▶ Assignment
Lines before the one containing "6cm/8cm Clear Christmas" are not wanted; restate the rest below word for word, through the last line, but drop any pictures.

▶ Data section
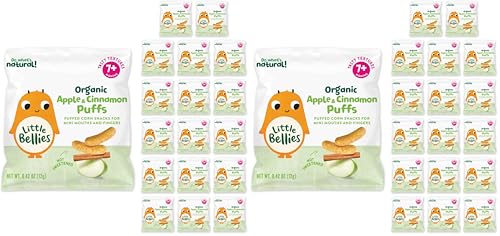 Little Bellies Organic Apple &amp; Cinnamon Puffs Baby Snack (.42 oz Individual Packs), (Pack of 36)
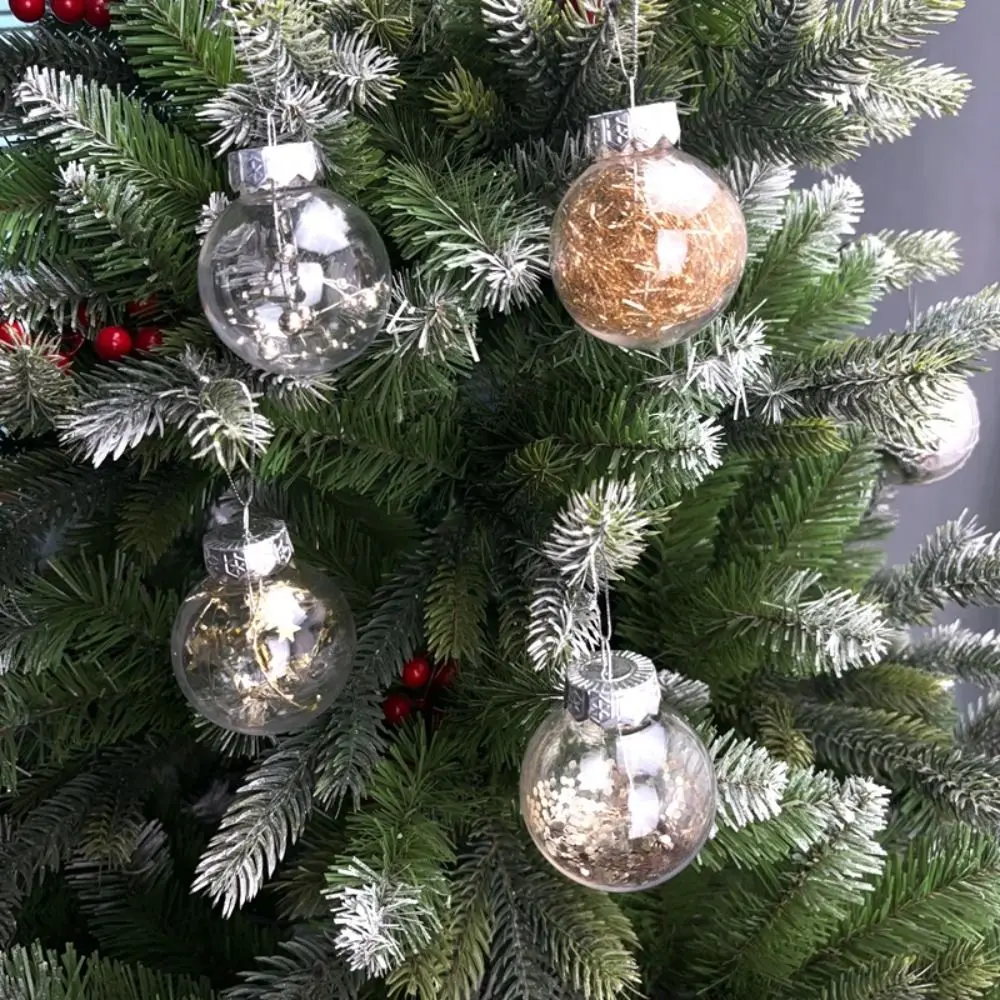 6cm/8cm Clear Christmas Balls Pendant Round Shatterproof Christmas Hanging Balls Transparent Reusable Xmas Tree Pendants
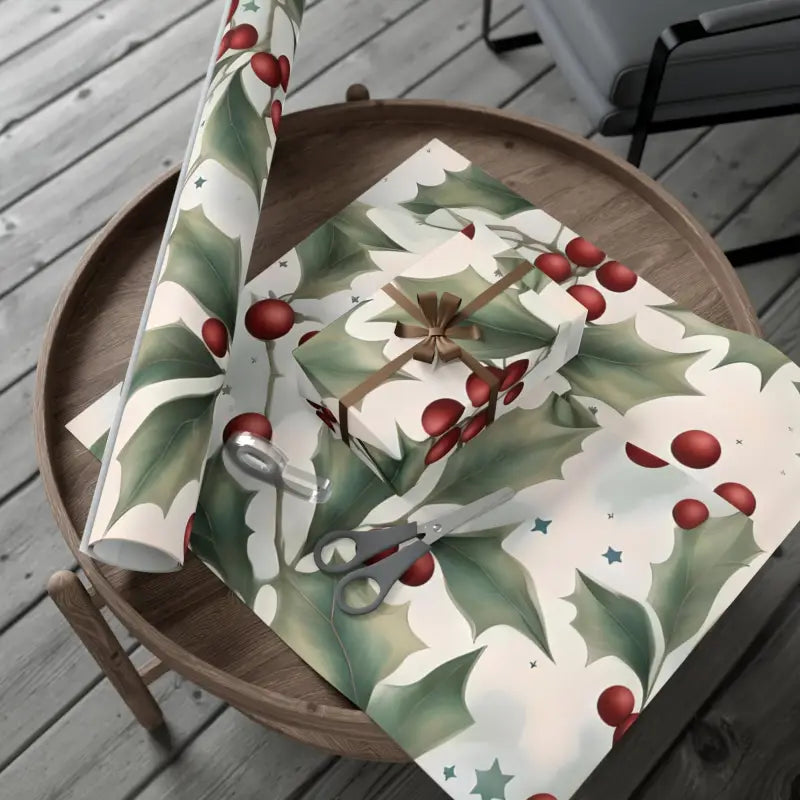 Nature-inspired Holly Leaves Gift Wrap for Perfect Presents - 30’’ x 144’’ / Matte Home Decor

▶ The answer
 6cm/8cm Clear Christmas Balls Pendant Round Shatterproof Christmas Hanging Balls Transparent Reusable Xmas Tree Pendants
 Nature-inspired Holly Leaves Gift Wrap for Perfect Presents - 30’’ x 144’’ / Matte Home Decor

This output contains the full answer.